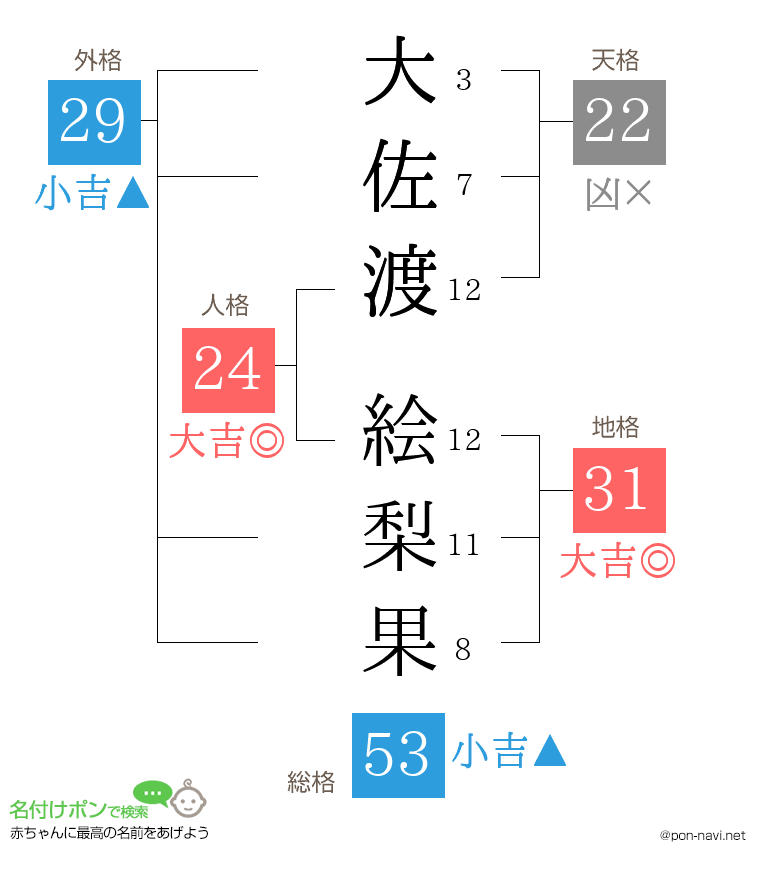 大佐渡 絵梨果さんの姓名判断結果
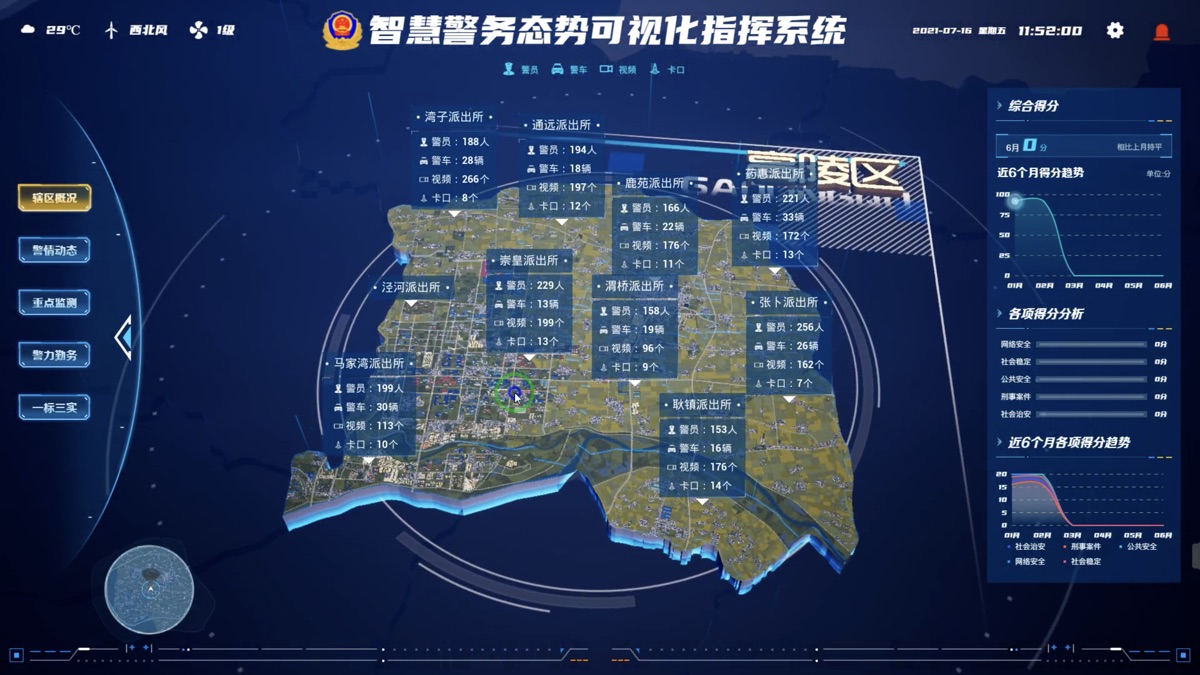 智慧警务态势指挥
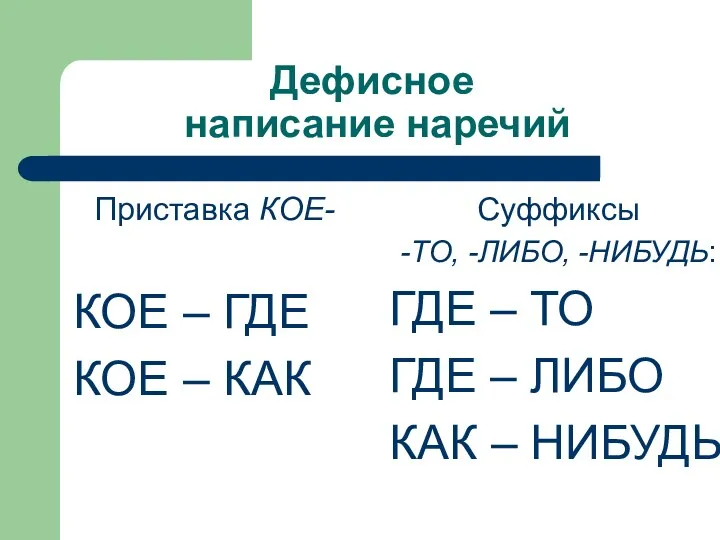 Дефисное написание наречий Приставка КОЕ- КОЕ – ГДЕ КОЕ –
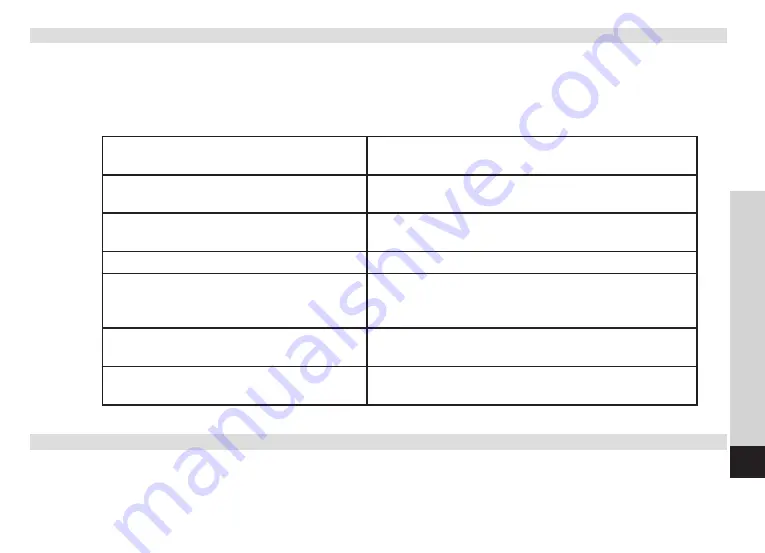 TechniSat DIGITRADIO 580 Instruction Manual Download Page 495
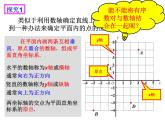 初中数学人教版七年级下册平面直角坐标系相关概念6课件PPT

= = = = = = =

What you give back should match the entries above exactly, except that pictures are dropped.

 大佐渡 絵梨果さんの姓名判断結果
 智慧警务态势指挥
 Дефисное написание наречий Приставка КОЕ- КОЕ – ГДЕ КОЕ –
 TechniSat DIGITRADIO 580 Instruction Manual Download Page 495
 初中数学人教版七年级下册平面直角坐标系相关概念6课件PPT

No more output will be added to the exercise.